Remix.run Logo
freehorse 4 hours ago

> omit the rows that are obviously wrong

This can skew the dataset and lead to misinterpreted results, if which rows are wrong is not completely random.

Eg if all data from a specific location (or year etc) comes wrong, then this kind of cleaning would just completely exclude this location, which depending on the context may or may not be a problem. Or if values come wrong above a specific threshold. Or any other way that the errors are not in some way randomly distributed.

Removing data is never a neutral choice, and it should always be taken into consideration (which data is removed).

hermitcrab 4 hours ago | parent [-]

>Removing data is never a neutral choice, and it should always be taken into consideration (which data is removed).

Absolutely.
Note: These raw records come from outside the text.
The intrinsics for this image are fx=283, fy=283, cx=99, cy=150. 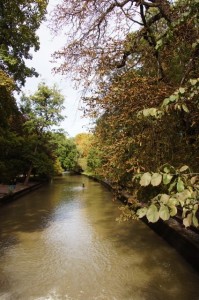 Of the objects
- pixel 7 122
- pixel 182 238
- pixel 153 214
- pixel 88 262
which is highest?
pixel 7 122

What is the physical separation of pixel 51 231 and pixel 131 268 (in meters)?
4.60

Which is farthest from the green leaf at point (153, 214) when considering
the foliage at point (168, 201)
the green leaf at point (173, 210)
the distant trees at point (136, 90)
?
the distant trees at point (136, 90)

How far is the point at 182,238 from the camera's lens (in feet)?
26.6

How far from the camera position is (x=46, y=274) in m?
6.77

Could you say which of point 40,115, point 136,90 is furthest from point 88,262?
point 40,115

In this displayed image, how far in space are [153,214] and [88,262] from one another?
6.68m

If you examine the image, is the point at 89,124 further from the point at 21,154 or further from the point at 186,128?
the point at 21,154

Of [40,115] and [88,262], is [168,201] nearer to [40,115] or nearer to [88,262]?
[88,262]

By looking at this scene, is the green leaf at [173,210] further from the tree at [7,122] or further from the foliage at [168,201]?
the tree at [7,122]

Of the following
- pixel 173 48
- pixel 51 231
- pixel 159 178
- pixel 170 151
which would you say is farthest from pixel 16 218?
pixel 159 178

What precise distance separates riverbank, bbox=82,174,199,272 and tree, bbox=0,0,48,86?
377 inches

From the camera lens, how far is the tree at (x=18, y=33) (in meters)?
13.4

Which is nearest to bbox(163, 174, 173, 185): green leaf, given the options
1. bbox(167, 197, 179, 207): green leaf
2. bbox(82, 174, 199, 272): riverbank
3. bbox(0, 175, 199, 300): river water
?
bbox(167, 197, 179, 207): green leaf

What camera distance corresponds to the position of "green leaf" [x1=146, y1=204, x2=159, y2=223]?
5.04 feet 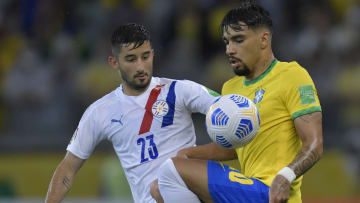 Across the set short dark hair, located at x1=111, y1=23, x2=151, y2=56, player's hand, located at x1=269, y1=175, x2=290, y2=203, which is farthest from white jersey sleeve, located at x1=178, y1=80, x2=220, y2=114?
player's hand, located at x1=269, y1=175, x2=290, y2=203

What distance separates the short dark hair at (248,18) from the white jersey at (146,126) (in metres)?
0.74

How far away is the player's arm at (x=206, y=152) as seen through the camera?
18.6 feet

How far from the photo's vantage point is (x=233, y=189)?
5.18m

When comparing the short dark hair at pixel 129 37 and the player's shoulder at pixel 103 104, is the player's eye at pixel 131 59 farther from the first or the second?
the player's shoulder at pixel 103 104

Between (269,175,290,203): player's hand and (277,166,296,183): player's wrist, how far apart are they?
2 centimetres

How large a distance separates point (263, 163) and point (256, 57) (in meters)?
0.81

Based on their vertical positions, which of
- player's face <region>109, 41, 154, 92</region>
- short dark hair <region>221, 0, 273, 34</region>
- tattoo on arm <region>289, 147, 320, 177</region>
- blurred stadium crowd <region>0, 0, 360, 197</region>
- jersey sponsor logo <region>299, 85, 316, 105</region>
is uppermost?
short dark hair <region>221, 0, 273, 34</region>

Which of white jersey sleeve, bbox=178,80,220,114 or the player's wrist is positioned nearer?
the player's wrist

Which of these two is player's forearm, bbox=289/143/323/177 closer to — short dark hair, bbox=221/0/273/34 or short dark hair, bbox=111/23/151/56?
short dark hair, bbox=221/0/273/34

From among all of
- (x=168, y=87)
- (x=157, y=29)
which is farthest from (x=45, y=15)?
(x=168, y=87)

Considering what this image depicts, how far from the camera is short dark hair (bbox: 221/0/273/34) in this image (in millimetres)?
5391

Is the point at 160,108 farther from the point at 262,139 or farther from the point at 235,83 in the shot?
the point at 262,139

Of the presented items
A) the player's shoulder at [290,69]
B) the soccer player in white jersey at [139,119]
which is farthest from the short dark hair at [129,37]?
the player's shoulder at [290,69]

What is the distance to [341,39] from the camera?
11.8m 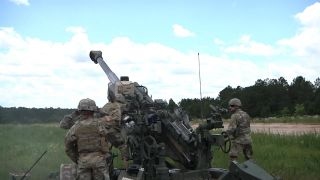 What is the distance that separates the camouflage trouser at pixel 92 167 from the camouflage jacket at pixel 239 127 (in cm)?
400

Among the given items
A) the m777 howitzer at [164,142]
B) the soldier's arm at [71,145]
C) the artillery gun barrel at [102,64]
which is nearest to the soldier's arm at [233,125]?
the m777 howitzer at [164,142]

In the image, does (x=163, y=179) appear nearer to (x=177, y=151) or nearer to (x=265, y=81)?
(x=177, y=151)

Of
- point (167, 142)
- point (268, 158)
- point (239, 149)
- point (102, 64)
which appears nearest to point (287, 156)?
point (268, 158)

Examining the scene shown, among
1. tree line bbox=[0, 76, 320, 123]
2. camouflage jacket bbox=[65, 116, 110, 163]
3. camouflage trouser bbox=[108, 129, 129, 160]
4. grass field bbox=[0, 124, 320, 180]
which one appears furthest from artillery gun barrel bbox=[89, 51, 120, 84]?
tree line bbox=[0, 76, 320, 123]

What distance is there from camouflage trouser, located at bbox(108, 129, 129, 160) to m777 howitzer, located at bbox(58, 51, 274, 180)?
0.64 ft

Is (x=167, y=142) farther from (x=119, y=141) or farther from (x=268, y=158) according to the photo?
(x=268, y=158)

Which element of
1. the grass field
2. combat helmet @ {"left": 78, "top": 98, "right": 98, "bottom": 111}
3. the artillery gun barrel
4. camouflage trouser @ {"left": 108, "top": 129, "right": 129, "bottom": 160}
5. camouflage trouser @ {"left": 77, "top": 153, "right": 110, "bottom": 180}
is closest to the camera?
combat helmet @ {"left": 78, "top": 98, "right": 98, "bottom": 111}

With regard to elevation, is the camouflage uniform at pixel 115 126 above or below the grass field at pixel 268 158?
above

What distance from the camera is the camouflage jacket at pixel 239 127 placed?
40.3ft

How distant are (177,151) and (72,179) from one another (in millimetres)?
Answer: 2118

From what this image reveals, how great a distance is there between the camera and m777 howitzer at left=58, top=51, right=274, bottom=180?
989cm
If you have obviously wrong data your choices are generally:

1. Leave the bad data in.

2. Leave the bad data in and flag it as suspect.

3. Omit the dad data.

4. Correct the bad data.

Which is the best choice depends on context and requires judgement. But I find it hard to imagine any situation where option 1 is the right choice.
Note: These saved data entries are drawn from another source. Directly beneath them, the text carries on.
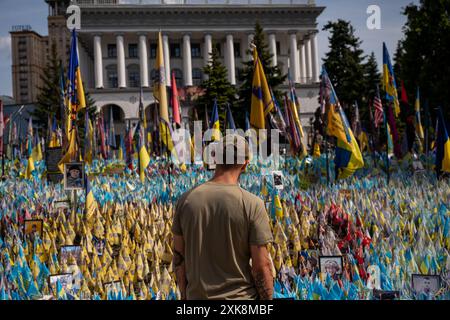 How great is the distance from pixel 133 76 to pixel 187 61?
23.8 ft

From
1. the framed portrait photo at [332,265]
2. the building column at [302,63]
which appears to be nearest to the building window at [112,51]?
the building column at [302,63]

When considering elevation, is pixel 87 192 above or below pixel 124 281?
above

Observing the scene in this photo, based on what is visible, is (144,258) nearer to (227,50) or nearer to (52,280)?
(52,280)

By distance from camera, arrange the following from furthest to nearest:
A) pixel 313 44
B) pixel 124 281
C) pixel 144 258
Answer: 1. pixel 313 44
2. pixel 144 258
3. pixel 124 281

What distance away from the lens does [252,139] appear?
719 inches

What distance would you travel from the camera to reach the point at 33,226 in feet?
27.5

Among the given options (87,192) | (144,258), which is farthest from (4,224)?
(144,258)

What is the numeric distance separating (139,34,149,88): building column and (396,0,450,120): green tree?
32.5 metres

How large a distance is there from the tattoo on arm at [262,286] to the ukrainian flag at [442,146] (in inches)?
373

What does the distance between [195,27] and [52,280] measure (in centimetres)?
5188

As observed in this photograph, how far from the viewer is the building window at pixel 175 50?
6000cm

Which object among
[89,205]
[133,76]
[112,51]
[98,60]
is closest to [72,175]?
[89,205]

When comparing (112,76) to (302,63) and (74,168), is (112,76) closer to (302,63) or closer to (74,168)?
(302,63) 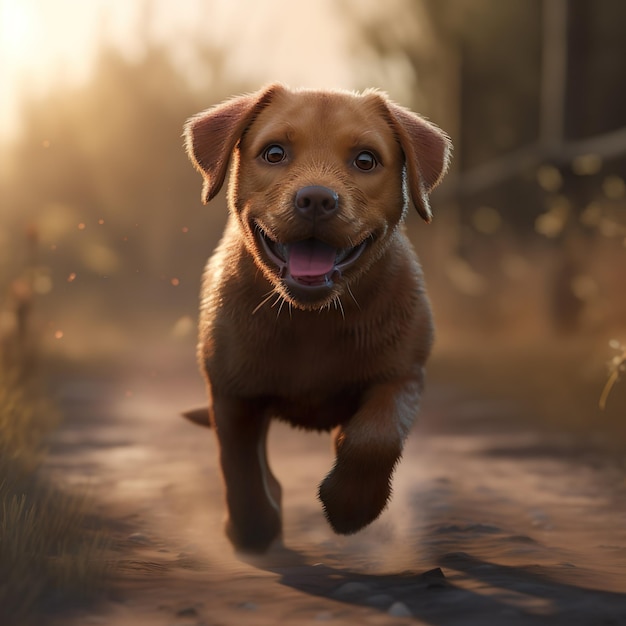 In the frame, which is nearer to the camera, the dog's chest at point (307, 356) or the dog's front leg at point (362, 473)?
the dog's front leg at point (362, 473)

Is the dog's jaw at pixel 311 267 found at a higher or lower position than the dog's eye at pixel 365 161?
lower

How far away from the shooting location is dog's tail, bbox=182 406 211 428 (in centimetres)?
481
Obviously the best solution is to do basic validation as the data is entered, so that people can't add a location in the Indian ocean to a UK dataset. It seems rather negligent that they didn't do this.

chaps 3 hours ago | parent [-]

Like I said in a different post, there are legal reasons for why you would want the original data. Deleting the data from the dataset is negligent.

If you want something to blame, blame the system that allowed the data to be bad in the first place. You're pointing your finger at the wrong people and it's unreasonable of you to call them negligent.